Target: Aiming at apparel - Cover Story - Special Supplement Discount Store News: AM

Discount Store News, Dec 9, 1991

Value. That's been the buzzword of the apparel business for several years. Yet the term doesn't necessarily denote a single merchandising strategy. Dayton Hudson Corporation's Target division has a unique approach to giving its customers the biggest bang for their bucks.

At a time when many discounters and department stores are turning to the security and marketing appeal of national brands, Target continues to emphasize its private labels. But this strategy isn't designed solely to produce belowbrand prices. In fact, Target's own Merona and Sostanza labels represent some of the store's highest apparel price points.

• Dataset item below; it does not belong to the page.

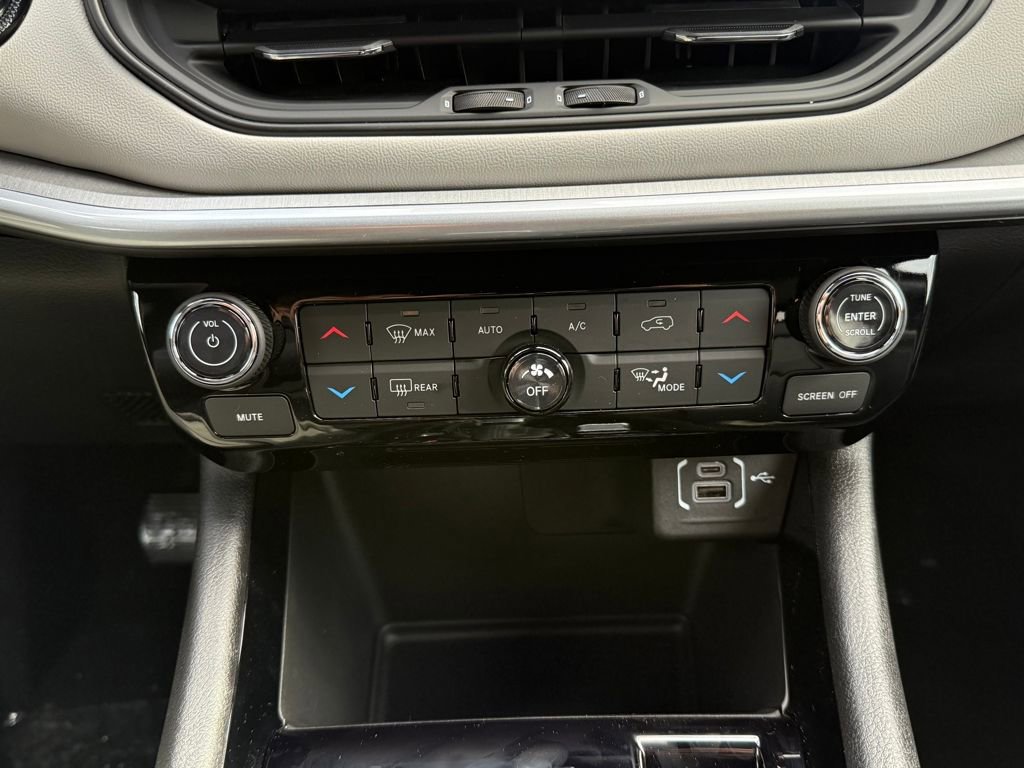 New 2026 Jeep Compass Limited image 22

The thinking behind this game plan isn't hard to understand. Target's executives reason that if buyers work with the company's trend merchandisers and quality assurance personnel to develop and produce fashionable, well-made garments that can be priced below comparable items sold at department stores or specialty operations like The Gap and The Limited, customers will beat a path to the door.

This basic approach is backed up by a heavy sprinkling of brands, but unlike most of its competitors, the store is generally unwilling to install vendor "shops" within its doors.

Target's strategies of intensive product development, value pricing, niche marketing and carrying brands in areas where they count was evident when it opened 22 new stores on a single day in October.

The company's apparel formula has thus far been successful, but a question looms. Now that Warren Feldberg, the Harvard MBA and Bloomingdale's alumnus, who most recently served as Target's president and senior apparel merchandising strategist, has jumped ship to join Marshalls as ceo, will the equation still add up?